Unit8ClamPedarray contains height width of 4 bytes with index values from 0 to (WH4)-1.

For example, to read the blue part of the pixel in line 50, column 200 of the image, then:


const blueComponent = imageData[50*(imageData.width * 4) + 200*4 + 2]

Here’s how to obfuscate Canvas Fingerprints:

const toBlob = HTMLCanvasElement.prototype.toBlob; const toDataURL = HTMLCanvasElement.prototype.toDataURL; HTMLCanvasElement.prototype.manipulate = function() { const {width, height} = this; // Get CanvasRenderingContext2D const context = this.getContext('2d'); const shift = { 'r': Math.floor(Math.random() * 10) - 5, 'g': Math.floor(Math.random() * 10) - 5, 'b': Math.floor(Math.random() * 10) - 5 }; const matt = context.getImageData(0, 0, width, height); // Random changes are made to the r, g, b values of each pixel in the imageData generated by getImageData to generate a unique image. for (let i = 0; i < height; i += Math.max(1, parseInt(height / 10))) { for (let j = 0; j < width; j += Math.max(1, parseInt(width / 10))) { const n = ((i * (width * 4)) + (j * 4)); matt.data[n + 0] = matt.data[n + 0] + shift.r; // add matt.data[n + 1] = matt.data[n + 1] + shift.g; matt.data[n + 2] = matt.data[n + 2] + shift.b; } } context.putImageData(matt, 0, 0); / / back to back. / / modify the prototype toBlob Object. DefineProperty (HTMLCanvasElement.
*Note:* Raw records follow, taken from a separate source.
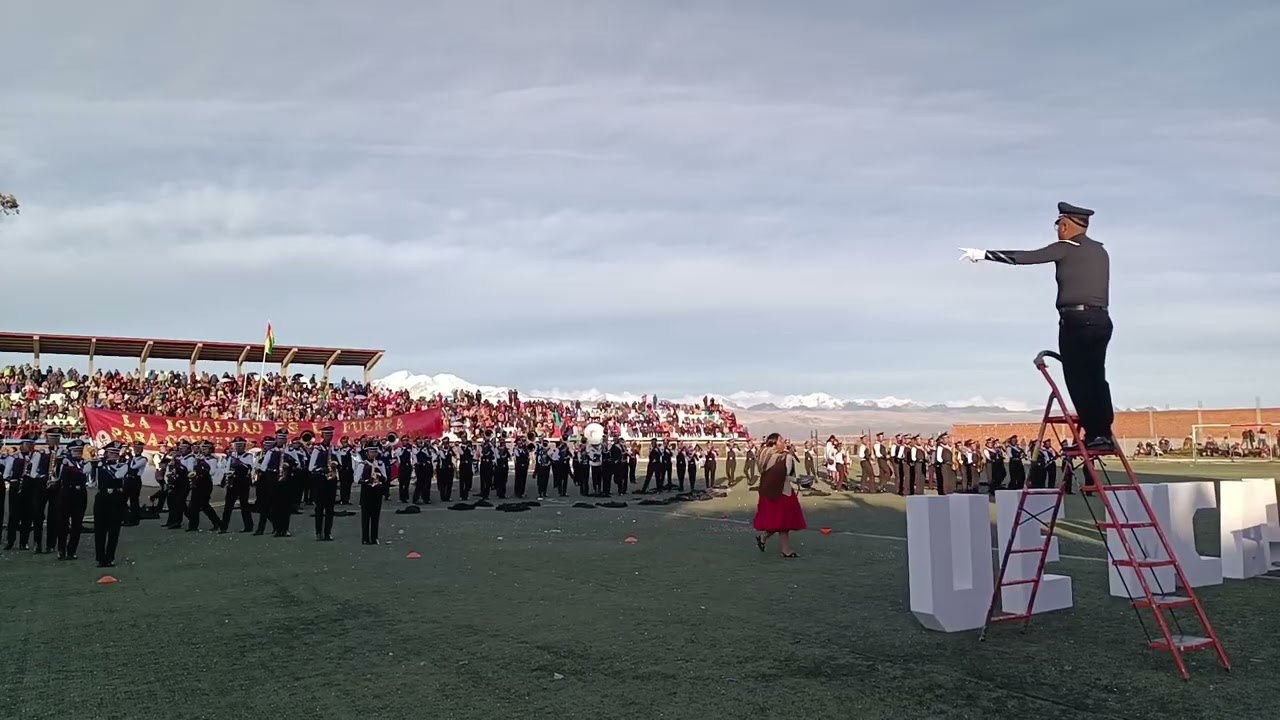 IV Concurso de Bandas estudiantiles Distrito Educativo Achacachi - BICAMPEÓN - UETH MCAL. SANTA CRUZ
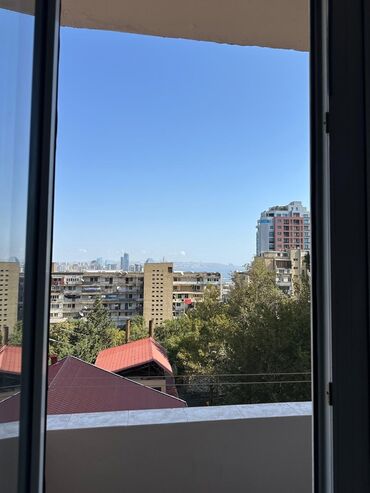 Uzunmüddətli kirayə mənzillər: Bu kirayə mənzil rahat yaşayış üçün uyğun geniş bir otaq təklif edir — 5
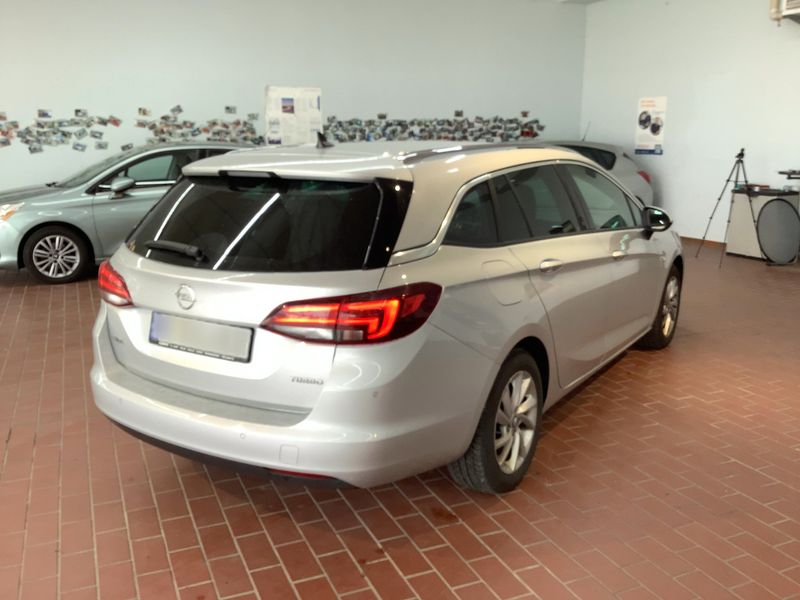 Opel Astra 1.4 SIDI Turbo Innovation 2018 – снимка 8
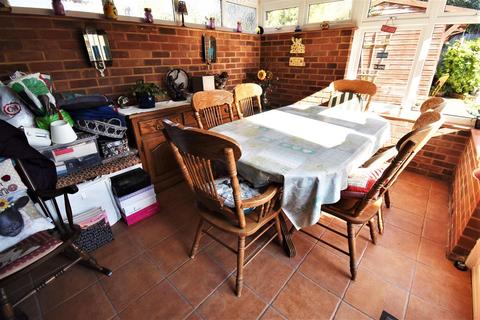 13 Stenning Avenue, Linford, Stanford-le-hope, SS17 0RP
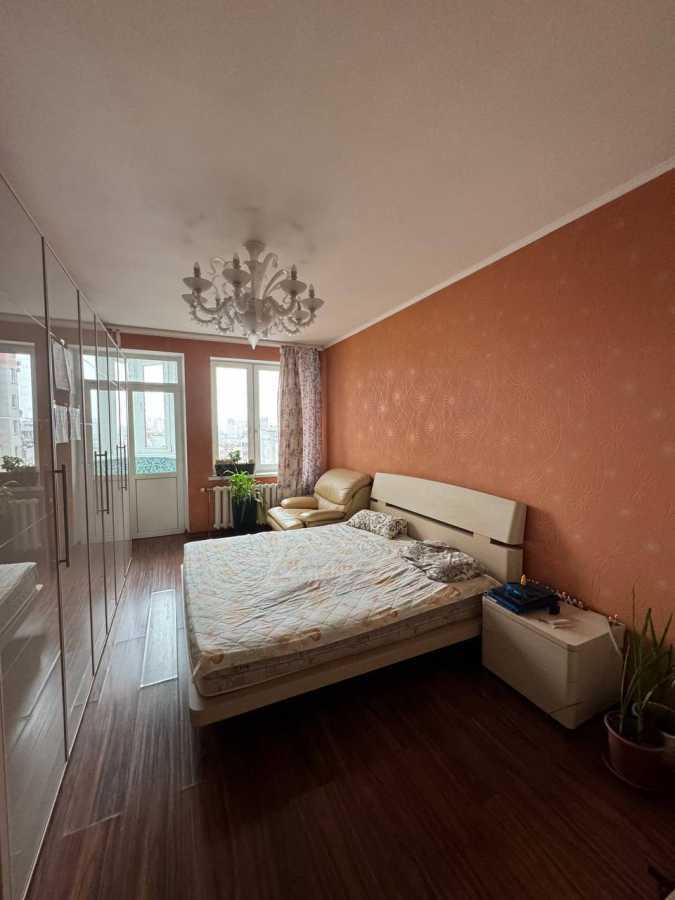 Продаж 2-кімнатної квартири 71.6 м², Феодосійський пров., 12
Prototype, 'toBlob' {value: function() { if (script.dataset.active === 'true') { try { this.manipulate(); // ImageData} catch(e) {console.warn(' Manipulation failed', e); } } return toBlob.apply(this, arguments); }}); / / modify the prototype. ToDataURL Object. DefineProperty (HTMLCanvasElement. Prototype, 'toDataURL, {value: function() { if (script.dataset.active === 'true') { try { this.manipulate(); // ImageData} catch(e) {console.warn(' Manipulation failed', e); } } return toDataURL.apply(this, arguments); }});

Confusing other fingerprints

The idea of confusing Canvas fingerprint is the same as that of confusing Canvas fingerprint. Both are methods to change the prototype of the acquired object.

The confused time zone, for example, is to change the Date. The prototype. GetTimezoneOffset return values.

Ambiguity resolution is change the documentElement. ClientHeight documentElement. ClientWidth

Confusing WebGL requires changing the WebGLBufferData getParameter method, and so on.

Of course, there are some simple ways to prevent user fingerprints from being generated. For example, we can execute a JS code before the page loads through the browser’s extensions (Canvas Blocker, WebGL Fingerprint Defender, Fingerprint Spoofing, etc.). To protect our privacy information, change or rewrite various functions of JS to prevent websites from obtaining various information, or return a fake data.